Il maltempo e il caldo hanno profondamente condizionato le celebrazioni del 250° anniversario della Dichiarazione d’Indipendenza degli Stati Uniti, costringendo le autorità a cancellare tutti i sorvoli aerei previsti sulla capitale e a evacuare migliaia di persone dal National Mall per l’arrivo di un violento temporale. La giornata era iniziata con un fitto programma di esibizioni aeree, inaugurato intorno alle 13 ora locale dal jet NASA Northrop F-5. I sorvoli, programmati ogni 10-20 minuti per circa 9 ore, hanno visto protagonisti anche i Blue Angels della Marina statunitense e i Thunderbirds dell’Aeronautica. Tra gli aerei che hanno sorvolato Washington anche il nuovo Air Force One del presidente Donald Trump, ricevuto in dono dal governo del Qatar e stimato in circa 400 milioni di dollari, transitato poco prima che il cielo iniziasse a coprirsi di nuvole. L’arrivo del fronte temporalesco ha però costretto gli organizzatori di Freedom 250 ad annullare tutti i restanti sorvoli, compreso quello conclusivo previsto in notturna del bombardiere strategico supersonico B-1, che avrebbe dovuto chiudere la parata aerea militare.

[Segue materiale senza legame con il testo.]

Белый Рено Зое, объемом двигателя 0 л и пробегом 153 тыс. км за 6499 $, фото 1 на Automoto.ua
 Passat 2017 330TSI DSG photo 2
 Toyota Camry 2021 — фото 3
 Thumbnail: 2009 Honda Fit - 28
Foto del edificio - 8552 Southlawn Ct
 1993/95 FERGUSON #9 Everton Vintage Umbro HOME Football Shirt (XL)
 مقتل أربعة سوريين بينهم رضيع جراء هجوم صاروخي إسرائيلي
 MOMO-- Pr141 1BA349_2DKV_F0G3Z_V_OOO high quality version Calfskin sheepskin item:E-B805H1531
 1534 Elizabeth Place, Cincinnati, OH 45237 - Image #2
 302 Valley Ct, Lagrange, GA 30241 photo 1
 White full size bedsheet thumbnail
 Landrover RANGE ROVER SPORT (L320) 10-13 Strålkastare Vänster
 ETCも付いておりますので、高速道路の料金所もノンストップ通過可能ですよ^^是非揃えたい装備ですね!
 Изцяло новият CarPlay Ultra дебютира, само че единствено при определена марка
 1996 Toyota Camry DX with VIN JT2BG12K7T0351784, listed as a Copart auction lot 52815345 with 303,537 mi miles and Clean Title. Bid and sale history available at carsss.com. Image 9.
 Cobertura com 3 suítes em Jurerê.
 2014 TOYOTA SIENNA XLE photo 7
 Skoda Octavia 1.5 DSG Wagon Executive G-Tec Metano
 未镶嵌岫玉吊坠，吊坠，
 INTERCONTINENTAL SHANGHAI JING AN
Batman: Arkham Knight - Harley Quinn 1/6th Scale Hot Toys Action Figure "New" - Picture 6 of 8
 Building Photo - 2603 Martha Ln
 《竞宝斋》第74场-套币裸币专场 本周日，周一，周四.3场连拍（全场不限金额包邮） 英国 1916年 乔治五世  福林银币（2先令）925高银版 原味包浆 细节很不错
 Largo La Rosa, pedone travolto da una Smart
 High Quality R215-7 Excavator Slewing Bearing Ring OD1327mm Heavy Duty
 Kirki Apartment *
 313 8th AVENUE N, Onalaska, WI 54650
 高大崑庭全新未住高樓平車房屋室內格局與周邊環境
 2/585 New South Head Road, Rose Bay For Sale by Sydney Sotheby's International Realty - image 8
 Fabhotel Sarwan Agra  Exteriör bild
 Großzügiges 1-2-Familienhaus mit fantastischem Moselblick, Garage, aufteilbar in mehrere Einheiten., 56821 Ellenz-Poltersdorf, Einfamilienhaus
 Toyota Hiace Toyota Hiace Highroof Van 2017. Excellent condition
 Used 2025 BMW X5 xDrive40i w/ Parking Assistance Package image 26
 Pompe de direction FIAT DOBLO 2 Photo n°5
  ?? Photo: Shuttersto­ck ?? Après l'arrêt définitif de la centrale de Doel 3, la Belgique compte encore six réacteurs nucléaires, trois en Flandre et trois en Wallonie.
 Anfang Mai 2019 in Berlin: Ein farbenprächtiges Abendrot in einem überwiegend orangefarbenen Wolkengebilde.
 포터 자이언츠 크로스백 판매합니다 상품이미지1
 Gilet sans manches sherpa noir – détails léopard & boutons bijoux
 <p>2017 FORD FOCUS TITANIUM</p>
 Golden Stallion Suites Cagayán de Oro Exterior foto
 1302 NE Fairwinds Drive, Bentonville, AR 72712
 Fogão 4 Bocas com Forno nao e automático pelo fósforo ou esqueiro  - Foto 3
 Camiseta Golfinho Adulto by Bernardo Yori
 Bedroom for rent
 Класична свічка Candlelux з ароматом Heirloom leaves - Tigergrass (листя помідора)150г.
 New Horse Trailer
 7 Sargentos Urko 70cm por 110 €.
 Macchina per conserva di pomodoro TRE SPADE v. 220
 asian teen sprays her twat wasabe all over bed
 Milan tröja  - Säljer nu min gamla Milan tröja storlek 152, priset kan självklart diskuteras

Nel tardo pomeriggio le autorità hanno invitato il numeroso pubblico presente al National Mall a evacuare immediatamente l’area e a cercare un riparo adeguato. L’allerta meteo, diramata poco prima del sorvolo dell’Air Force One, ha spinto il Secret Service a ordinare l’evacuazione, dando origine a momenti di forte concitazione mentre migliaia di persone si dirigevano verso musei ed edifici governativi.
La situazione è diventata caotica quando parte della folla ha erroneamente ritenuto che l’area fosse stata riaperta. Alcuni partecipanti hanno tentato di tornare ai controlli di sicurezza, scandendo cori a favore del presidente Trump e intonando l’inno nazionale, mentre forti raffiche di vento e fulmini interessavano la capitale. L’evacuazione è stata comunque temporanea e i presenti hanno in seguito potuto assistere al discorso del Presidente.
Le celebrazioni hanno subito ulteriori modifiche con la cancellazione della parata del Giorno dell’Indipendenza e il rinvio della Great American State Fair. L’Agenzia per la sicurezza interna e la gestione delle emergenze di Washington ha invitato la popolazione, attraverso un messaggio sui social, a cercare immediatamente riparo senza attendere l’arrivo del temporale.
Le condizioni meteorologiche avverse hanno avuto ripercussioni anche a Philadelphia, dove gli organizzatori del “One Philly: Unity Concert for America”, altro evento dedicato ai 250 anni dell’Indipendenza, hanno disposto l’evacuazione del pubblico. Una vasta linea temporalesca in movimento sulla Pennsylvania orientale ha infatti minacciato l’area con piogge intense e raffiche di vento fino a 96 km/h.
Oltre al maltempo, le celebrazioni sono state segnate anche dall’ondata di caldo. Secondo il National Special Security Event Joint Information Center, i vigili del fuoco e i servizi medici di emergenza di Washington hanno soccorso 51 persone colpite da malori legati alle elevate temperature, con 12 ricoveri in ospedale. Altre 22 persone sono state trasportate nei nosocomi della capitale per problemi di natura diversa, tra cui disturbi cardiaci, ipertensione e traumi.
Nonostante le difficoltà organizzative e le condizioni climatiche estreme, la polizia di Washington ha riferito di non aver effettuato alcun arresto nel corso delle celebrazioni, concluse con un significativo ridimensionamento del programma a causa dell’emergenza meteorologica.